# Toast



## Susi (Oct 22, 2005)

Hi,
I am looking for a good old fashioned Toast receipe?
I love toast the ones here in Germany are all very sweet and England is a little far to just get a loaf..........
Would be grateful for your help!

Thanks
Susi


----------



## urmaniac13 (Oct 22, 2005)

If you are in Germany, I suggest you go to Lidl, they sell loaves of white square bread slices, fit for making the plain old fashioned toast you are talking about.  Also large in size, too!!  It should be easily spotted, it is called something like "american sandwich" or something like that, with strident blue and red design on the plastic wrapping bag.  You will like Lidl, I am sure you will find oodle of goodies at very good prices!!


----------



## cara (Oct 22, 2005)

It IS called american sandwich ;o)
but in my opinion it's quite the same as the usual "german toast"....

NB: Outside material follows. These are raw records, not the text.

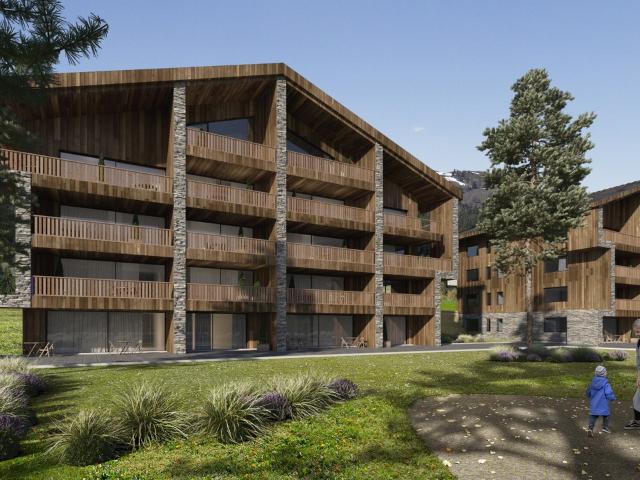 Wohnung kaufen in Crans-Montana, Wallis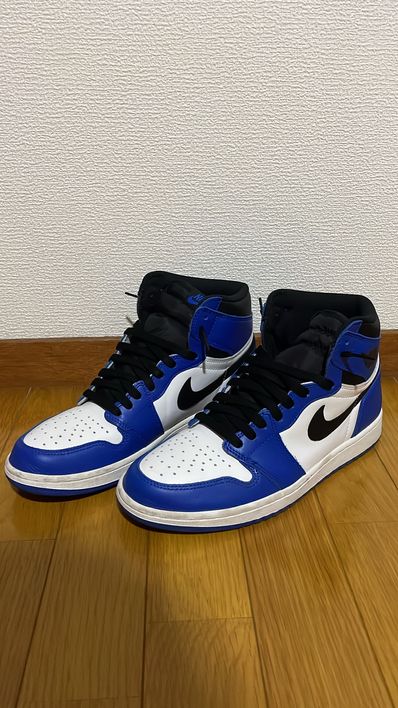 Nike Air Jordan 1 Retro High OG "Game Royal"
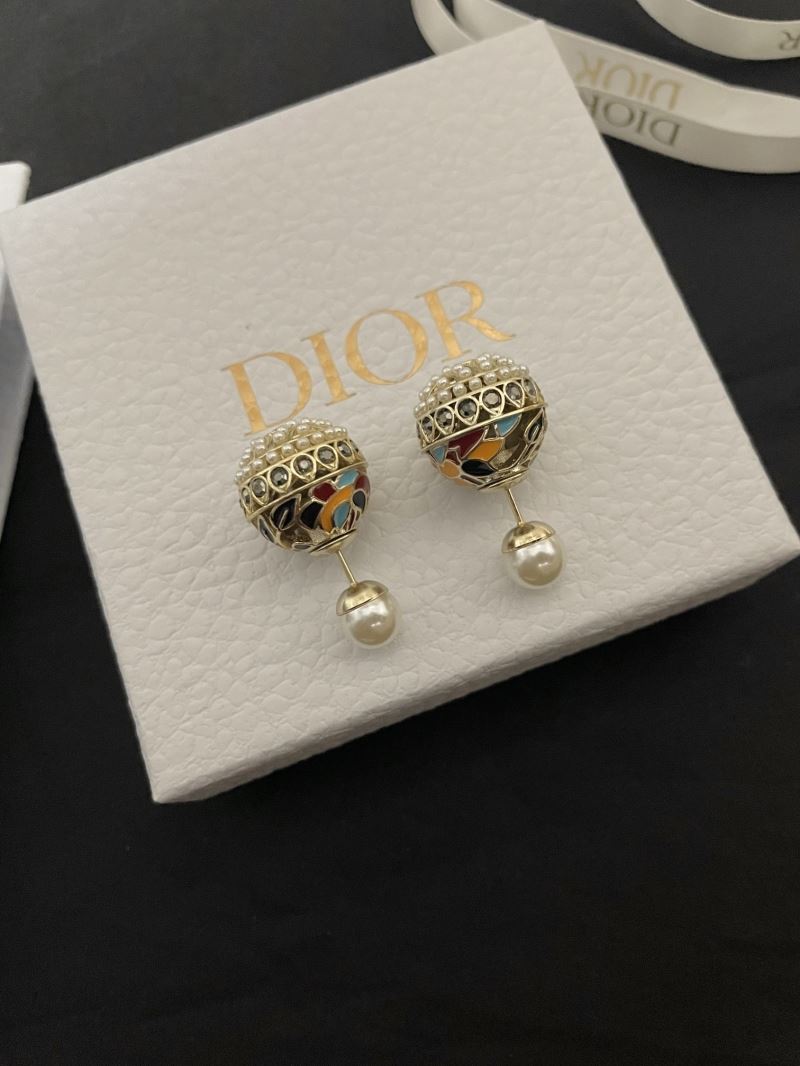 Christian Dior Earrings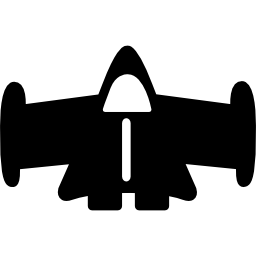 Spaceship icon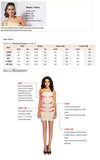 Hot Sale Ladies Women Spring Sexy V Neck Split Brown Midi Lady Dress   Designer Fashion Evening Party Dress Vestido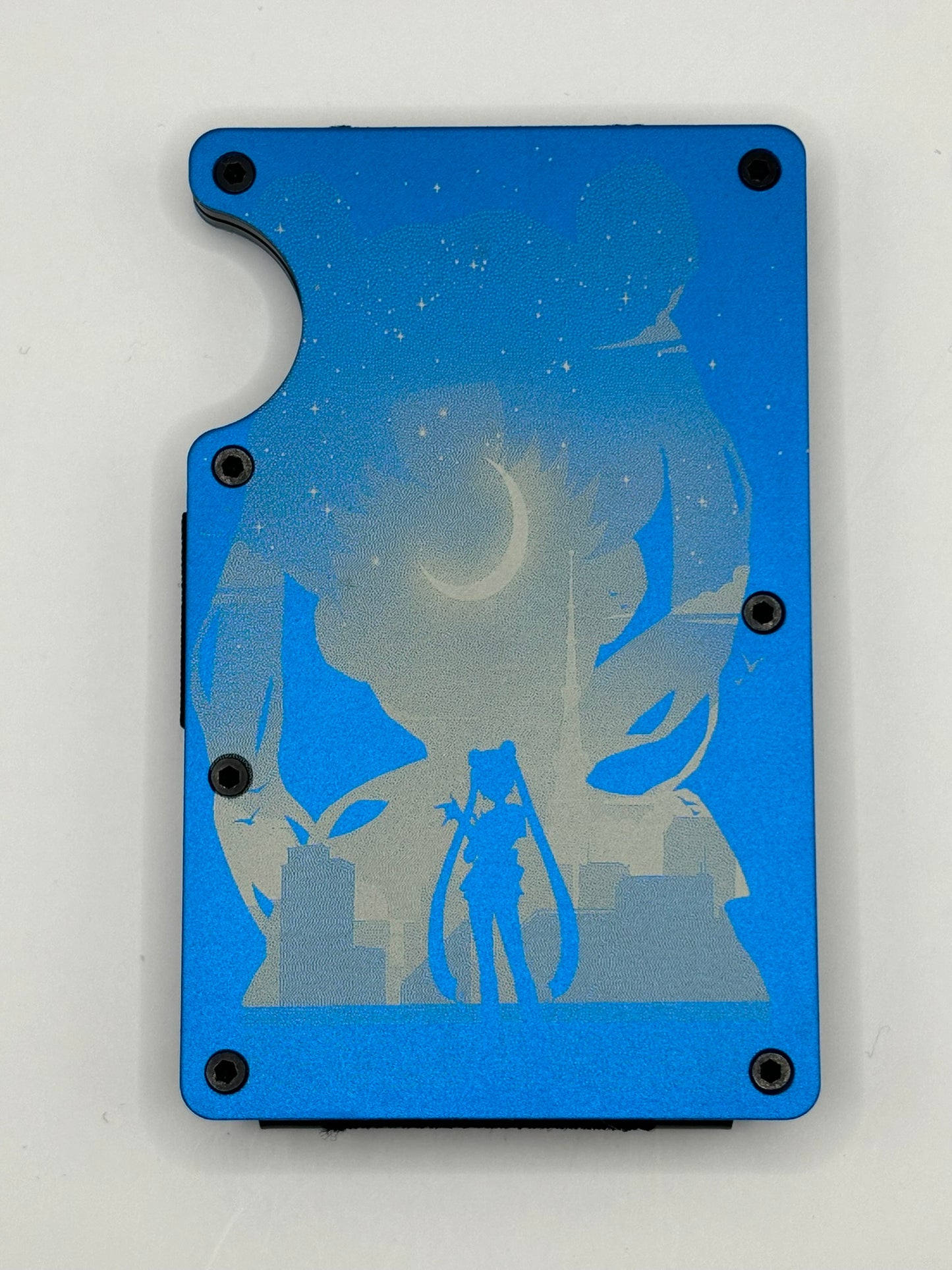 Sailor Moon silhouette Wallet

I don´t know, but maybe you find something here:
http://www.agrar.de/landfrauen/forum/index.php?topic=328.0

I´m afraid that is nothing for the americans because its a german link ;o)


----------



## Susi (Oct 22, 2005)

hi all,
it is not for me it is for a  friend and she would like to make her own toast.
Oh yes i go to Lidl for my toast but they dont seem to tell us how to make it.
Thanks anyway for your help,
Susi


----------



## Ishbel (Oct 22, 2005)

In case you are being serious.

Take a slice of bread.  Put it in the toaster.  Two or three minutes later..... up pops TOAST.


----------



## SierraCook (Oct 23, 2005)

Susi are you talking about Wonder Bread?


----------



## SierraCook (Oct 23, 2005)

After reading the messages some more I think you are talking about French Toast.  It is easy to make. 

3 large eggs
3/4 cup milk
1 tablespoon sugar
1/4 teaspoon vanilla
1/8 teaspoon salt
8 slices of bread

In bowl beat eggs, milk, sugar, vanilla and salt with wire whisk until well mixed.  Pour into shallow bowl.  Heat griddle over medium heat.  Grease griddle with vegetable oil, if necessary.  Dip bread into egg mixture.  Place on griddle.  Cook about 4 minutes on each side or until golden brown.


----------



## middie (Oct 23, 2005)

you can also add some cinnamon and nutmeg to the egg mixture. at least that's what i do


----------



## Ishbel (Oct 23, 2005)

SierraC
It's interesting that in the UK, the French toast recipe we use is a savoury dish - no sugar, vanilla etc.  Most little children here grow up calling it 'Eggy Bread'!


----------



## SierraCook (Oct 23, 2005)

Ishbel, I am still not sure if French Toast is what Susi was referring to, but I figured I would at least try to give her an answer.  I like the name of Eggy Bread.  It sounds more fun.


----------